WHAT YOU NEED TO DO
Would you return, word for word, the lines of the data below from the line with "We need to do" through the line with "Welcome to three", and no others?

EXERCISE MATERIAL
==============================
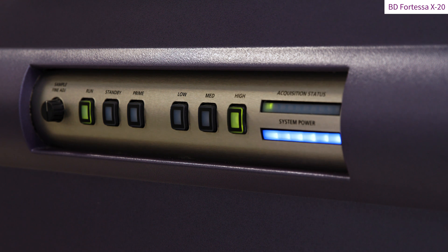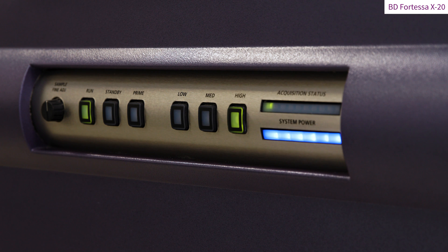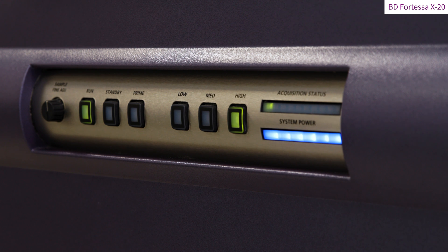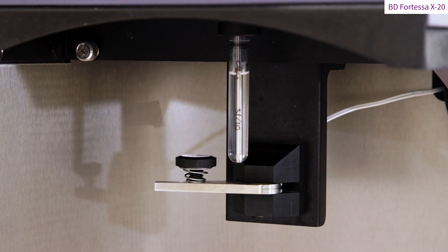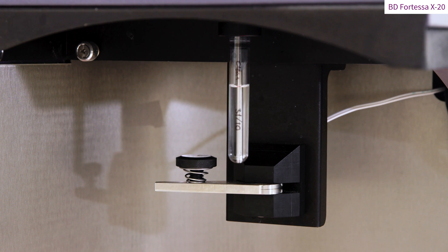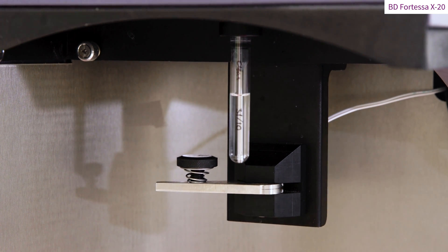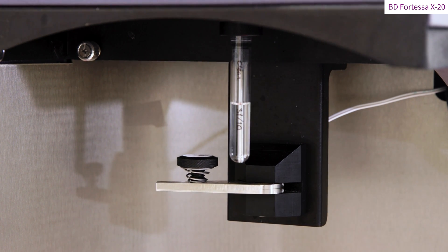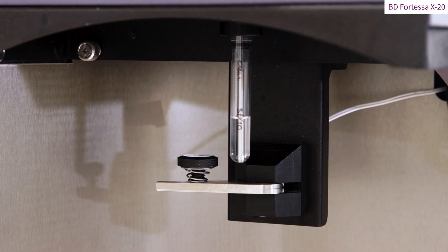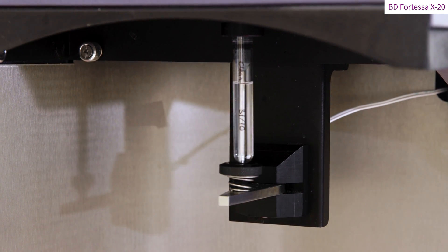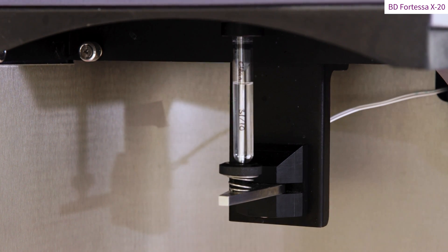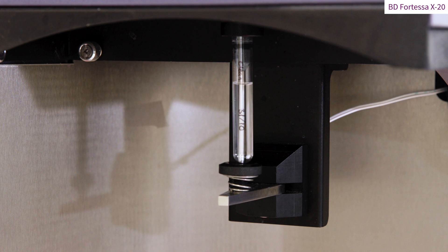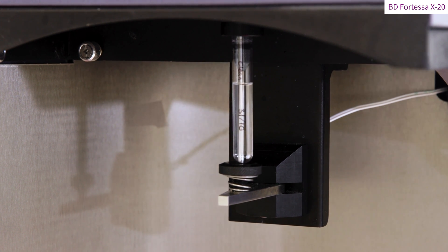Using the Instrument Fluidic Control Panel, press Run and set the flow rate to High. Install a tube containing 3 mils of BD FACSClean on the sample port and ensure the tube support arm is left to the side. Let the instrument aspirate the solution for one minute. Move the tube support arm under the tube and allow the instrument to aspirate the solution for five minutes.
==============================
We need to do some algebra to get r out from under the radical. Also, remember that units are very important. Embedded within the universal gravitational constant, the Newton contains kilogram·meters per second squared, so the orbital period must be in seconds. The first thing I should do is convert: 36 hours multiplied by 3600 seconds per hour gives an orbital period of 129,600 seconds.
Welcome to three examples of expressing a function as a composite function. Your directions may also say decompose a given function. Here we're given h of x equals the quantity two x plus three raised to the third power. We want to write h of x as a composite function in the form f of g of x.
==============================
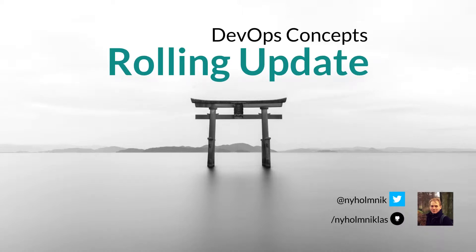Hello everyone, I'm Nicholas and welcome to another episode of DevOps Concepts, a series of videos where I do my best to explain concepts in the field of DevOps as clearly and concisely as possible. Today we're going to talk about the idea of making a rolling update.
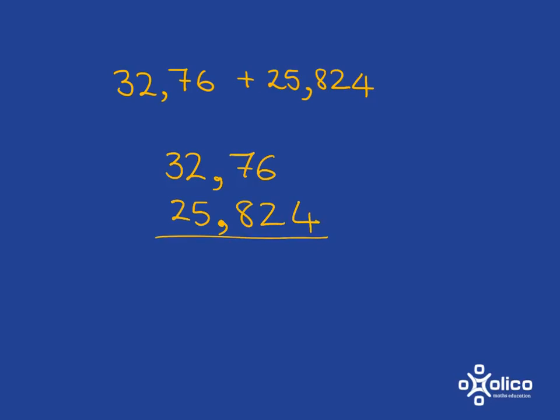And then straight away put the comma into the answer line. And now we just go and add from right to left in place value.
==============================
ANSWER BELOW
We need to do some algebra to get r out from under the radical. Also, remember that units are very important. Embedded within the universal gravitational constant, the Newton contains kilogram·meters per second squared, so the orbital period must be in seconds. The first thing I should do is convert: 36 hours multiplied by 3600 seconds per hour gives an orbital period of 129,600 seconds.
Welcome to three examples of expressing a function as a composite function. Your directions may also say decompose a given function. Here we're given h of x equals the quantity two x plus three raised to the third power. We want to write h of x as a composite function in the form f of g of x.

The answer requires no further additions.